Of course, designing hypothetical video games is easy. There are almost certainly a lot of technical barriers that would stop my vision from becoming reality, and it is completely unfair of me to judge Mount & Blade by what my wildest imagination can dream up, unconstrained by budgets or the actual difficulty of implementing my desired features. Yet that's what the series does to me.
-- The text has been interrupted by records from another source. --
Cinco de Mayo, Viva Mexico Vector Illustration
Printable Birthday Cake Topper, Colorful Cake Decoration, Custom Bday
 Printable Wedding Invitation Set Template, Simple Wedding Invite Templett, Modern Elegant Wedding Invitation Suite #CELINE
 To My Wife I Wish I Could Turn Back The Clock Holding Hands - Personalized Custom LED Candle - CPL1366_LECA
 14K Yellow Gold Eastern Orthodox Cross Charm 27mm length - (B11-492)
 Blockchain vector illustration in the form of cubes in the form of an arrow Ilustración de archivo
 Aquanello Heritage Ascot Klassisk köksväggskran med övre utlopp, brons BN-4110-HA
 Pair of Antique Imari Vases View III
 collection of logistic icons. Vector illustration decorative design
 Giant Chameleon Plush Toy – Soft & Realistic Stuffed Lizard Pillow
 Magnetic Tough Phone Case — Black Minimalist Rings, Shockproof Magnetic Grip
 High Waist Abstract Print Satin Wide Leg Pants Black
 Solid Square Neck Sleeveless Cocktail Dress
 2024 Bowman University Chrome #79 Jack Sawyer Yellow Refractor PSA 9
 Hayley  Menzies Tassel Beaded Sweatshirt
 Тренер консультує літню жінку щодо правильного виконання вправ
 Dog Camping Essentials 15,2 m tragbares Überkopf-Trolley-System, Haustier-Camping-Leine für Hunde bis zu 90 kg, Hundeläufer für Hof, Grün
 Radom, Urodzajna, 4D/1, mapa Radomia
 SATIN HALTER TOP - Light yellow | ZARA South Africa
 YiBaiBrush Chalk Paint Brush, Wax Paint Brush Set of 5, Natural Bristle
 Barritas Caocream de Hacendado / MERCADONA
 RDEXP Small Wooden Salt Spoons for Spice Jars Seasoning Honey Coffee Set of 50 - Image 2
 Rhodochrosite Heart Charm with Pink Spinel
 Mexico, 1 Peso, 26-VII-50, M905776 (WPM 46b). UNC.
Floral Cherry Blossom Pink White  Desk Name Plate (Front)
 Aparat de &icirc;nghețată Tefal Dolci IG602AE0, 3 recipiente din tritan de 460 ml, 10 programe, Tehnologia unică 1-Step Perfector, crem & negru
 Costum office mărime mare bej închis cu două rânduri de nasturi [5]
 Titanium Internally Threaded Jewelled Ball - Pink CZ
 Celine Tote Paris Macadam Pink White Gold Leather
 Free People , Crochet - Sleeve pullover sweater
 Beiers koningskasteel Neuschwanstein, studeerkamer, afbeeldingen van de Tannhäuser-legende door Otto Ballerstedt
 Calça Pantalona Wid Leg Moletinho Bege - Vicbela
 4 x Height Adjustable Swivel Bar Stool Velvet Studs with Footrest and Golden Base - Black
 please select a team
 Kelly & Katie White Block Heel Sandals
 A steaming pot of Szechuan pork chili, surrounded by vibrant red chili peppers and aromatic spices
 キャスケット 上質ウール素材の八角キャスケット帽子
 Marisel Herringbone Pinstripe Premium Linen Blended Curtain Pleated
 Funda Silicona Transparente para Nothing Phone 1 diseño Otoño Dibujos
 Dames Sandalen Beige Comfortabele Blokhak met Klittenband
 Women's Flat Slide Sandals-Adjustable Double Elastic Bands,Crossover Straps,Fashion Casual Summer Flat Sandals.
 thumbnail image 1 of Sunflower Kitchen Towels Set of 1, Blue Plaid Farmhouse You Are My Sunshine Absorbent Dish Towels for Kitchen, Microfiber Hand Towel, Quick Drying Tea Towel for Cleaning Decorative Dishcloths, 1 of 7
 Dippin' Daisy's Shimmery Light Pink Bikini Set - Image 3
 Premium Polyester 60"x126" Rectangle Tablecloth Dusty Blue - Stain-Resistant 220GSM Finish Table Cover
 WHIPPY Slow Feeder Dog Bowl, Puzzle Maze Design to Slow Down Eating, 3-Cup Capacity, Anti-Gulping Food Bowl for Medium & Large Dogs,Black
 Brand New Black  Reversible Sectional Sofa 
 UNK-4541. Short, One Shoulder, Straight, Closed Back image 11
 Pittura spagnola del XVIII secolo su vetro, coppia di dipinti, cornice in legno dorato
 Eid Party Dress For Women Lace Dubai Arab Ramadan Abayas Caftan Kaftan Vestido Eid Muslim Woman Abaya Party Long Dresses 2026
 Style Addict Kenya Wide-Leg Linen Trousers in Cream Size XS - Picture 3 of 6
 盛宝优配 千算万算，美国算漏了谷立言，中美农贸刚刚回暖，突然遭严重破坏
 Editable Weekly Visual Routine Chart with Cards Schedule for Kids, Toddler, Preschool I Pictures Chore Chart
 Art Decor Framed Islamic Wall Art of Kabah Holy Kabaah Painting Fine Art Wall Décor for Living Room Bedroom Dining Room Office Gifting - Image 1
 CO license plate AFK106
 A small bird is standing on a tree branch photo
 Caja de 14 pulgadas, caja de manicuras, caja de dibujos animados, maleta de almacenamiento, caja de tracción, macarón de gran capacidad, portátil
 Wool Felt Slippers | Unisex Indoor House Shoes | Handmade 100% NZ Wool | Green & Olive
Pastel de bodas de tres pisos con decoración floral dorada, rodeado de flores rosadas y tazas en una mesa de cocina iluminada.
It gives me a taste of a world of incredible depth and potential and then frustrates me with an uneven and unfocused implementation.
On an intellectual level, I know it's unreasonable to ask for a single game that gives me a whole game's worth of action-rpg wandering that seamlessly transitions to a whole game's worth of small-unit real-time action-strategy that in turn seamlessly transitions to a whole game's worth of top-level grand strategy while allowing me to directly control the same character the whole time, maintaining a continuity of resources (ie the noble has the same stuff as the adventurer, just more of it) and letting me lead from the front in massive battles. But that's what Mount & Blade makes me want. I love the game, but it makes me hungry.
So I don't know, I guess I'll just wait for the sequel.